A Guide To Complete Statistics For Data Science Beginners!

Harika Last Updated : 30 Jun, 2025
11 min read

Welcome to the world of data science! Data science is the art of using data to find answers and draw meaningful insights. But how do we do that reliably? The secret sauce is statistics. It’s the powerful framework that allows us to move beyond simple observations to make confident, data-driven decisions. Whether you’re building a machine learning model or presenting findings to your team, a strong statistical foundation is non-negotiable. In this article, we will learn all the important statistical concepts that are required for Data Science roles.

1. Difference between Parameter and Statistic

Imagine you’re cooking a large pot of soup. The entire pot is your population. It’s the complete group you’re interested in, whether it’s all your app users or every home in a city. Since you can’t possibly test the whole pot, you take a spoonful to taste. That spoonful is your sample: a smaller, manageable subset of the population that you collect data from. The core idea is that by carefully analyzing the sample, we can make an educated guess about the entire population without having to study every single member.

A parameter is a number that describes the data from the population. And a statistic is a number that describes the data a Continuing our soup analogy, a parameter is the true value that describes the entire population. It’s the exact, real average saltiness of the whole pot of soup, a value we might never know perfectly. In data science, this could be the true average spending of all customers. A statistic, on the other hand, is a number that describes your sample. It’s the saltiness you measured in your spoonful. We use this statistic to make an educated guess about the population’s parameter.

2. Statistics and Its Types

Statistics is a discipline that concerns the collection, organization, analysis, interpretation, and presentation of data.

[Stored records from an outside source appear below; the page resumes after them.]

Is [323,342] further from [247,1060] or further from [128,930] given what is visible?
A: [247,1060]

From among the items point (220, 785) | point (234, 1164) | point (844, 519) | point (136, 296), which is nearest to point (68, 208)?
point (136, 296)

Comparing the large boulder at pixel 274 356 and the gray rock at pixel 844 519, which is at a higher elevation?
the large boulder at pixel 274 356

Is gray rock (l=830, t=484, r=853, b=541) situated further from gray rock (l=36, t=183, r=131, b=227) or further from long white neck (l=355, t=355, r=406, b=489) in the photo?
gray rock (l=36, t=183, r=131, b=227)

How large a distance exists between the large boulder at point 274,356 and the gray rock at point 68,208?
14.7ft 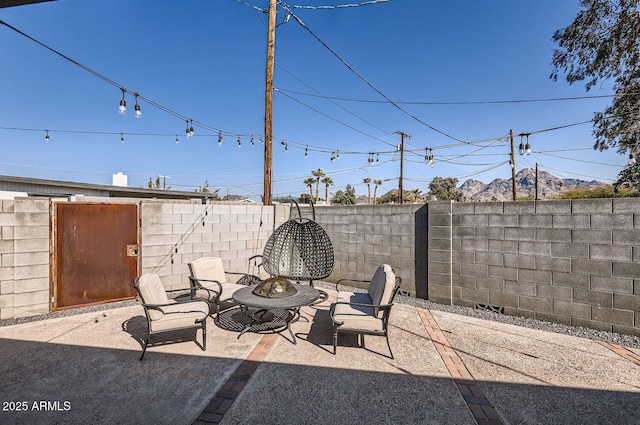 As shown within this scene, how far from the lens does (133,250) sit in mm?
5371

It means, as part of statistical analysis, we collect, organize, and draw meaningful insights from the data either through visualizations or mathematical explanations.

Statistics is broadly categorized into two types:

  1. Descriptive Statistics
  2. Inferential Statistics

Descriptive Statistics:

As the name suggests, in Descriptive statistics, we describe the data using the Mean, Standard deviation, Charts, or Probability distributions.

Basically, as part of descriptive Statistics, we measure the following:

  1. Frequency: no. of times a data point occurs
  2. Central tendency: the centrality of the data – mean, median, and mode
  3. Dispersion: the spread of the data – range, variance, and standard deviation
  4. The measure of position: percentiles and quantile ranks

Inferential Statistics:

In Inferential statistics, we estimate the population parameters. Or we run Hypothesis testing to assess the assumptions made about the population parameters.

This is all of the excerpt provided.